Metempsicose também é uma herança secular que foi reinterpretada várias vezes ao longo do tempo. O termo, que tem origem na Grécia Antiga, se refere à transferência da alma entre os corpos, em geral após a morte destes. O termo foi recontextualizado por filósofos contemporâneos a Cruz e Sousa, como Arthur Schopenhauer, e também pelo próprio Sousa, evocando angústias mais profundas. O conceito também é relembrado, ainda que não nominalmente, por Black Mirror, literal e figurativamente, com questões como a transferência de consciência e a ressurreição, e por isso se encaixa tão brilhantemente no álbum.
A maldita tradição literária brasileira é, há tempos, fonte de inspiração para o grupo:
“Quando me foram apresentados os materiais produzidos para o Vérmina Audioclastia Póstuma, em 2015, isso já havia ficado claro para mim. O Guga [vocalista] havia escrito três letras, todas com uma carga existencial e pessimista muito forte. Já estava pronta também a ‘Tédio’, poema musicado do João da Cruz e Sousa, que levava esse conceito do decaimento para níveis nefelibáticos. Ali já se desenhava na minha frente todo um conceito e as letras restantes foram praticamente se escrevendo sozinhas. O primeiro verso da primeira música já é uma referência direta ao ‘Monólogo de uma Sombra’, de Augusto dos Anjos, e as canções foram ordenadas de forma a, como numa ópera, delinear acontecimentos. ‘Tédio’, nesse quadro, acabou repousando no local que simbolizava a monotonia da rotina de um enfermo em franca decadência física e psíquica. Esse caráter altamente metafórico dos simbolistas permite uma impressionante versatilidade para cimentar diferentes conceitos.
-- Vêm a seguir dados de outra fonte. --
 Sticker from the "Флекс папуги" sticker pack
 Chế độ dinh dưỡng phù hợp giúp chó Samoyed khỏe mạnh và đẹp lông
No álbum seguinte, Entropia Humana Final, não foi diferente. Ele chafurda a fundo em episódios tétricos da sociedade humana no século XX, morticínios em massa, genocídios de variadas formas, os demônios interiores assumindo o controle dos indivíduos e das coletividades às claras. Nesse caso, ‘Antífona’, também de Cruz e Sousa, foi incluída como poema musicado, assim como a ‘Tédio’ no álbum anterior. Ela traz, além dos aspectos pessimistas e existencialistas de sempre, a solenidade do rito religioso, como se buscasse alcançar as múltiplas almas desencarnadas pelos eventos das outras letras. Ou seja, trouxe a liga lírica que projetou os acontecimentos descritos para a dimensão metafísica/espiritual”, explica.
Este histórico da segunda encarnação do Sad Theory, considerando o retorno em 2012, deve seguir no futuro:
“Assim criou-se uma tradição, e é bem possível o Dante Negro, assim como seus notáveis pares malditos, sigam como nossos patronos para os próximos álbuns”, finaliza Franco.
Léxico Reflexivo Umbral, tem onze músicas inéditas, apostando em um som brutal, que não abre mão da melodia e do lirismo profundo. O grupo é formado por Claudio “Guga” Rovel (vocal), Aly Fioren (guitarra), Daniel Franco (baixo) e Jeff Verdani (bateria). A versão física do trabalho, saiu em luxuosos digipacks com poster. O disco também está disponível nas plataformas digitais.